Нянечка открыла дверь почти неслышно и впустила двухлетнего мальчика в белой рубашке и белых колготках. Он был совершенно чужой, этот мальчик, и Алеша в первый миг растерялся – это что? Кирюша? Мой брат?.. Но нянечка склонилась к мальчику и сказала:

– Кирюша, вот это – твой брат Алеша. Иди к нему.

Кирюша сделал шажок и неожиданно звонко и отчего-то невероятно знакомо повторил:

– Алеша!

И словно подтолкнул Алешу с места.

Они побежали навстречу друг другу. Кирюша доверчиво вцепился в брата, положил голову на плечо и зашептал:

– Алеша. Братик Алеша…

Старая нянечка вдруг заплакала и опустилась на низенькую скамейку.

– Вот она, кровь родная… Надо же, надо же… А говорят… Вот она, кровь-то…

И Алеша едва сдерживал слезы…

3

Кирилл переночевал в своих комнатах всего один раз и на второй день явился с раскладушкой и постелью к Аристарху Павловичу.

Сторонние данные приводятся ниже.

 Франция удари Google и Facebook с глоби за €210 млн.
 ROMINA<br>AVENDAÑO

– Пусти на квартиру, Палыч? – дурачась, попросил он. – Я там от тоски повешусь. Бабушка Полина своими мемуарами достала! Уже и телевизор перестала включать.

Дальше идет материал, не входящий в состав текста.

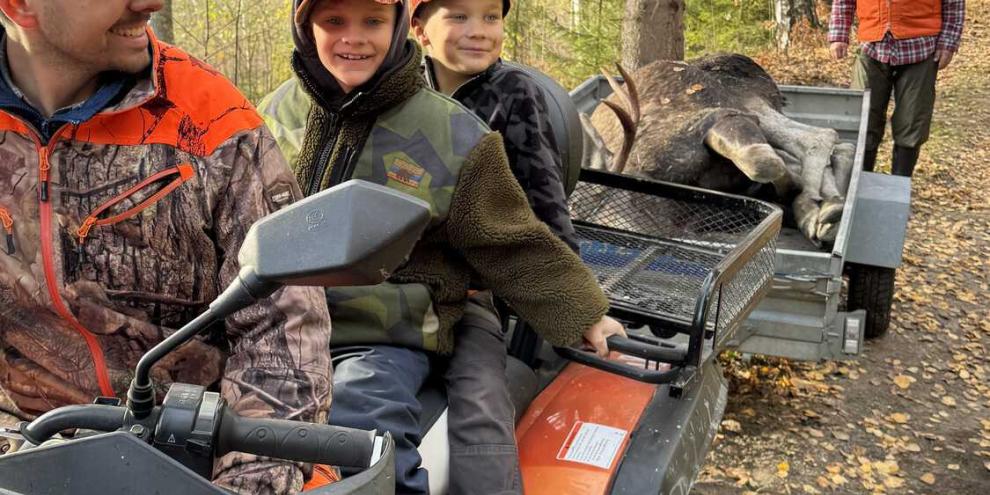 Regelmäßig geht Niklas Lundqvist mit seiner Familie jagen.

Места в бывшей гостиной было достаточно и не жалко, однако, опасаясь ревности соседки, Аристарх Павлович, крадучись от Кирилла, сходил к ней, чтобы уладить все недоразумения. Бабушка Полина была сердита.

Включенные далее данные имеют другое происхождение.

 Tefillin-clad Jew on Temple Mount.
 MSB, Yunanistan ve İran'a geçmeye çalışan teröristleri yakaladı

– Переманил внука, – ворчливо заметила она. – А я ведь ждала его. Из-за них всех, можно сказать, и на белом свете задержалась, не умерла. Чем заманил-то? Жеребенком?

Аристарх Павлович вдруг понял, что заманил Кирилла тем, что не мог говорить. Похоже, младшего Ерашова тянуло к тишине, раздумьям и молчанию, но бабушка Полина, намолчавшись за тридцать лет одинокого лежания, теперь наверстывала упущенное, и откровенно сказать, этот фонтан выдерживала лишь Надежда Александровна. Сама немногословная, она избрала тактику либо отвлекать бабушку телевизором, либо слушать ее и никак не реагировать, занимаясь домашними делами.

– Пусть ночует у тебя, – разрешила бабушка Полина, польщенная тем, что Аристарх Павлович пришел к ней посоветоваться. – Но завтрак, обед и ужин только дома. Не корми Кирюшу, нечего. Пусть привыкает к родному гнезду.

И ее приживалка, Надежда Александровна, тоже застрожилась:

– Приехал человек в родной дом, а живет у чужого дяди… Для кого я готовлю – от плиты не отхожу?

– Мальчику необходимо мужское общество, – неожиданно заступилась бабушка Полина, умеющая быть снисходительной. – Он офицер. А мы с тобой – увы! – особы стареющие и скучные.

Таким образом, Кирилл поселился у Аристарха Павловича, тот, такой же одинокий, когда-то мечтавший о сыновьях, но имеющий дочерей, тихо этому радовался. В первый же день после обязательного «домашнего» ужина Аристарх Павлович достал припасенную бутылочку коньяку – грузинского, пятизвездочного, старого розлива, подпер дверь в квартиру Ерашовых каминной кочережкой, и они очень уютно устроились у огня, зажженного для красоты и удовольствия. Сидели, попивали вкусный коньяк из ерашовских бокалов черного стекла и вели мужской разговор.